━━ SUPPLIED RECORDS ━━
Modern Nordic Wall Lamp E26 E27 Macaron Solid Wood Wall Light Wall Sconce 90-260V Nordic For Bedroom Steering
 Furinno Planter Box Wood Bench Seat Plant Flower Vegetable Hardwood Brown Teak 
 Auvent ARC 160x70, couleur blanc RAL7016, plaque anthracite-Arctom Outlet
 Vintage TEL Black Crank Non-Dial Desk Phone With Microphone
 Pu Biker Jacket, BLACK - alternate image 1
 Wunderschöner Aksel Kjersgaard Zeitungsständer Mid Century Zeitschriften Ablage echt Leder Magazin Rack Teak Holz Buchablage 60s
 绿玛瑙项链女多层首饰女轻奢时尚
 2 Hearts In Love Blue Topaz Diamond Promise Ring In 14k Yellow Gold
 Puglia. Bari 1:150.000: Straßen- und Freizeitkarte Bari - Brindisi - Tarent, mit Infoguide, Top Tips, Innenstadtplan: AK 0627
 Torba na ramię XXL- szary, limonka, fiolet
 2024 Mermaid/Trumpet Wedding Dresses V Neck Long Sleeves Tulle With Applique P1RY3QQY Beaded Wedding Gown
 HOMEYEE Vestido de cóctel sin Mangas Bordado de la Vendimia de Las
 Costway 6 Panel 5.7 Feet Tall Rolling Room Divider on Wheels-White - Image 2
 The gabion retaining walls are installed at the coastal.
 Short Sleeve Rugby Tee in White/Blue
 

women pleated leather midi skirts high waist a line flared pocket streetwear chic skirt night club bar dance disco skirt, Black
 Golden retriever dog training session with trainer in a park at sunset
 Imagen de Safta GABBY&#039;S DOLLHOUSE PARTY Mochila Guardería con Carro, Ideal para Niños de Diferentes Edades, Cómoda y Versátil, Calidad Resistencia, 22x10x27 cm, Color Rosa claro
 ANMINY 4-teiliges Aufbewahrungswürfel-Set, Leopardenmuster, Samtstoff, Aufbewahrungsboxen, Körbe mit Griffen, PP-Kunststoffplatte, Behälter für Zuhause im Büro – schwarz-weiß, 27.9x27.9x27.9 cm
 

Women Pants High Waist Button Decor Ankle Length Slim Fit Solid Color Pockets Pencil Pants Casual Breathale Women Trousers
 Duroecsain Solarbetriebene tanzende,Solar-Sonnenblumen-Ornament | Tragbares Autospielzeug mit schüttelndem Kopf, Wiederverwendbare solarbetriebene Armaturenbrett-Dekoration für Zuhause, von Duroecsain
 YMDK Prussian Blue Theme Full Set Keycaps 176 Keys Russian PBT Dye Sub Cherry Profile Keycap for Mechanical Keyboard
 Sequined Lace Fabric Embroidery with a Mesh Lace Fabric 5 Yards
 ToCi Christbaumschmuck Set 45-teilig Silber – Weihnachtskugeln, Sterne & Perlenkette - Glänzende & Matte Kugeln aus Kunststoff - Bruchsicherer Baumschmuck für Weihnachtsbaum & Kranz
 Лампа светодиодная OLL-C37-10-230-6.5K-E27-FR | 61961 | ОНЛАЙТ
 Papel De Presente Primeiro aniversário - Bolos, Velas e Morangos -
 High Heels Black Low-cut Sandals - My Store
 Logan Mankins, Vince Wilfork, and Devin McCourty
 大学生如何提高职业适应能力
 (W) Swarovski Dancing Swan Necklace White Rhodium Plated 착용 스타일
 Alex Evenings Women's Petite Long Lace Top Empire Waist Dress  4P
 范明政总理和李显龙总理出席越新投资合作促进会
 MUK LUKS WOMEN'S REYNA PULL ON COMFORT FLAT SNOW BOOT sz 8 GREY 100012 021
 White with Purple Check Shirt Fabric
━━━
- [PROBLEM DETAILS]:
The lines to copy run from the start of the records above through the line holding "Puglia. Bari 1:150.000: Straßen- und"; give them exactly, both ends included, and nothing else.

- [ANSWER SPACE]:
Modern Nordic Wall Lamp E26 E27 Macaron Solid Wood Wall Light Wall Sconce 90-260V Nordic For Bedroom Steering
 Furinno Planter Box Wood Bench Seat Plant Flower Vegetable Hardwood Brown Teak 
 Auvent ARC 160x70, couleur blanc RAL7016, plaque anthracite-Arctom Outlet
 Vintage TEL Black Crank Non-Dial Desk Phone With Microphone
 Pu Biker Jacket, BLACK - alternate image 1
 Wunderschöner Aksel Kjersgaard Zeitungsständer Mid Century Zeitschriften Ablage echt Leder Magazin Rack Teak Holz Buchablage 60s
 绿玛瑙项链女多层首饰女轻奢时尚
 2 Hearts In Love Blue Topaz Diamond Promise Ring In 14k Yellow Gold
 Puglia. Bari 1:150.000: Straßen- und Freizeitkarte Bari - Brindisi - Tarent, mit Infoguide, Top Tips, Innenstadtplan: AK 0627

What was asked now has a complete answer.